Stored data: Begin
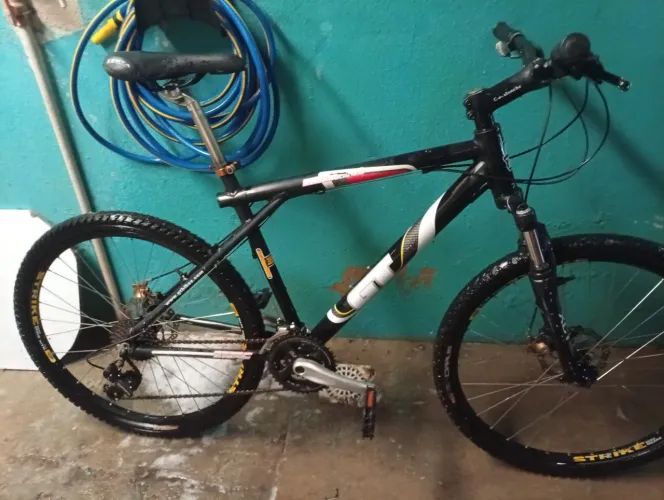 Bicicleta GT avalanche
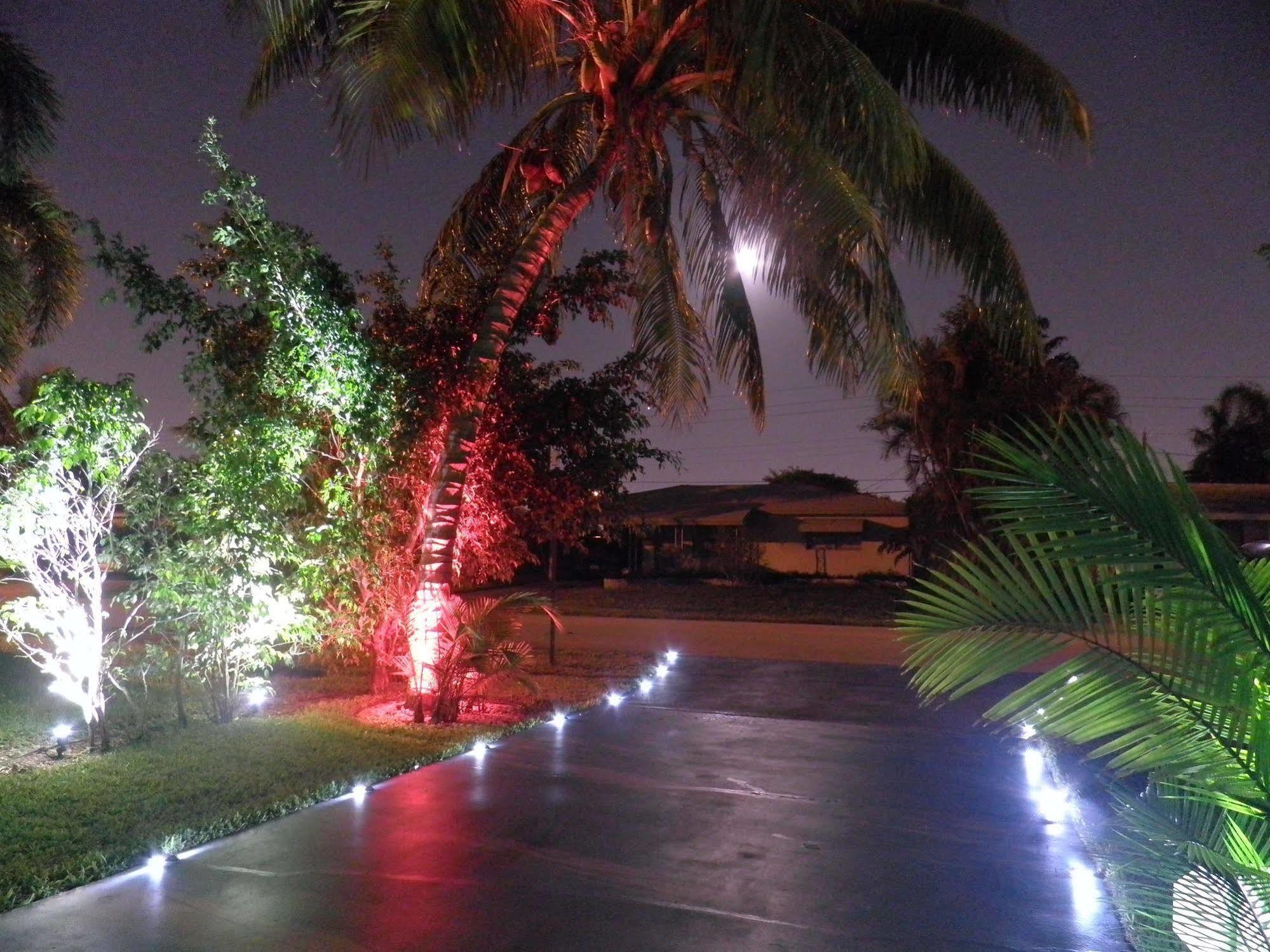 Blue Ocean Guesthouse Oakland Park Exterior foto
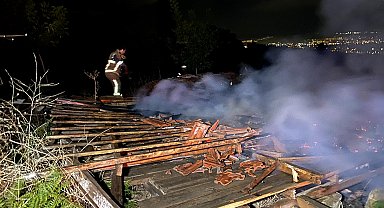 Tarladaki baraka alev alev yandı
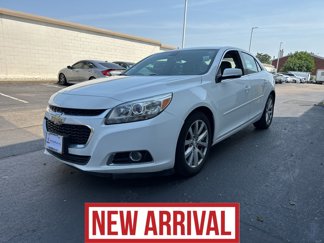 Used 2015 Chevrolet Malibu LT image 1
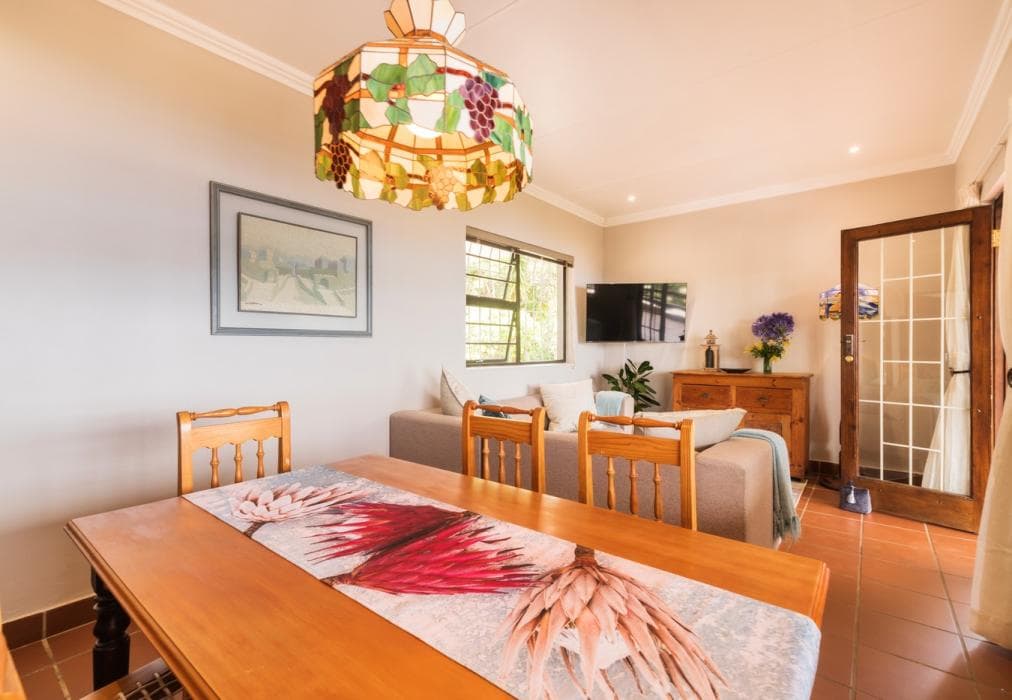 Victoria Bay Holiday Cottage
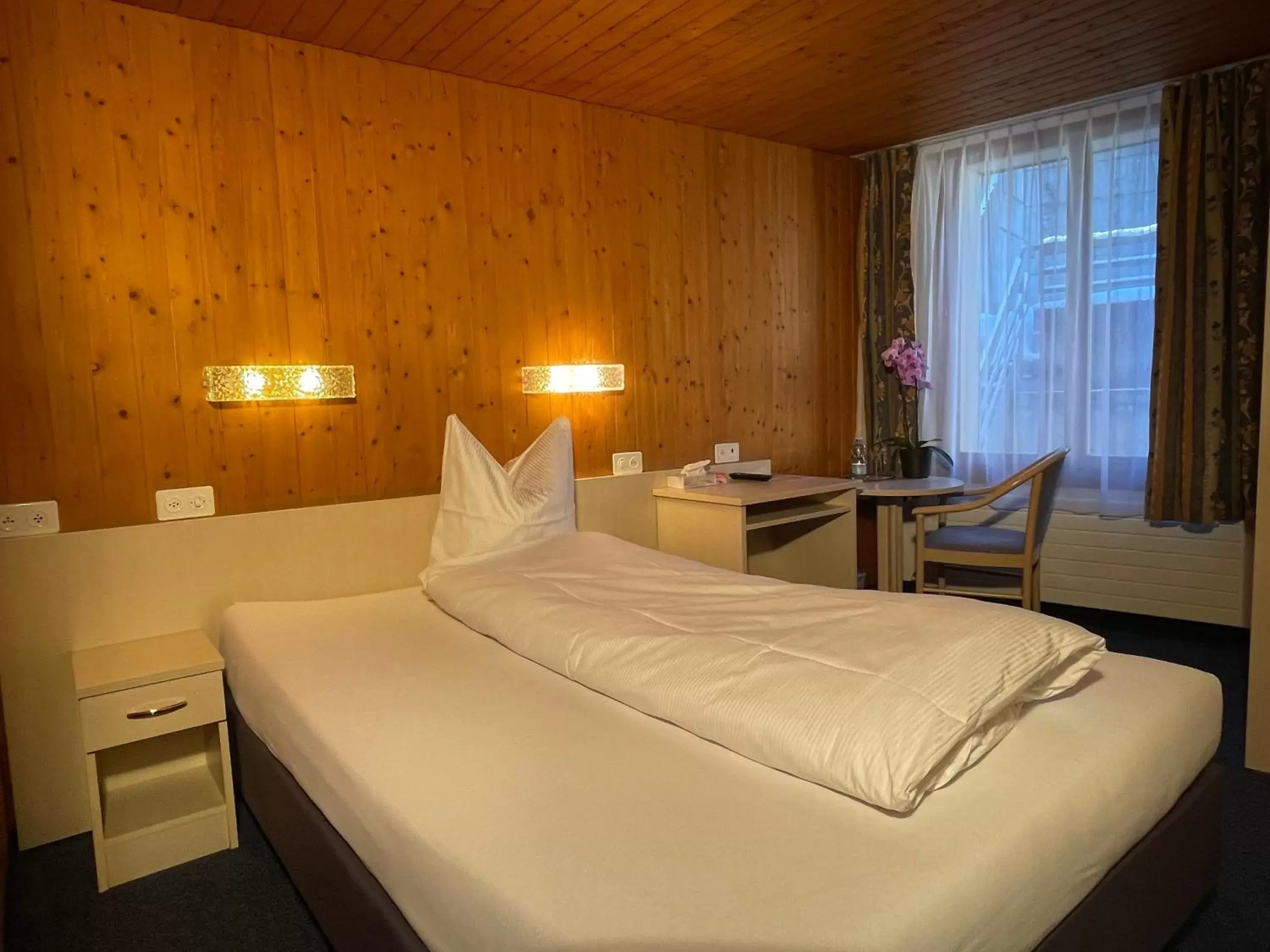 Deluxe Single Room - single occupancy in Dinh Residence Deluxe Single Room - single occupancy in Dinh Residence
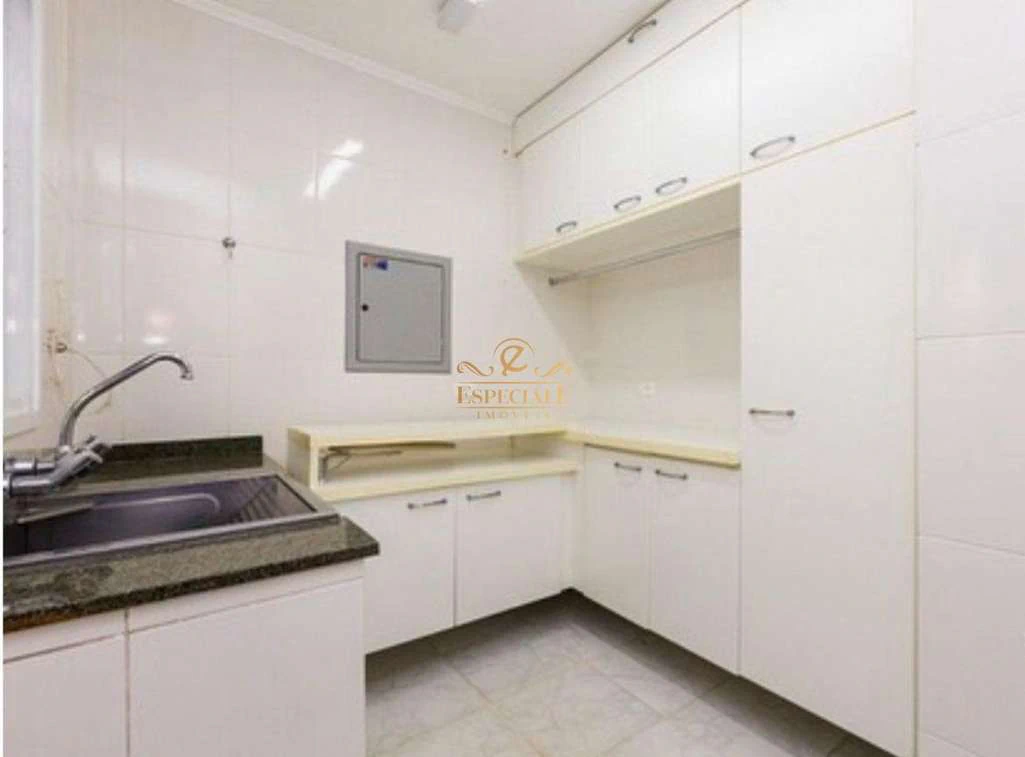 Single-story house with 2 bedrooms and private garden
Stored data: End
_Work instructions_:
Would you restate word for word only the lines from the one containing "Used 2015 Chevrolet Malibu LT image 1" to the final line of the material, both ends included, without any pictures?

_Written response_:
 Used 2015 Chevrolet Malibu LT image 1
 Victoria Bay Holiday Cottage
 Deluxe Single Room - single occupancy in Dinh Residence Deluxe Single Room - single occupancy in Dinh Residence
 Single-story house with 2 bedrooms and private garden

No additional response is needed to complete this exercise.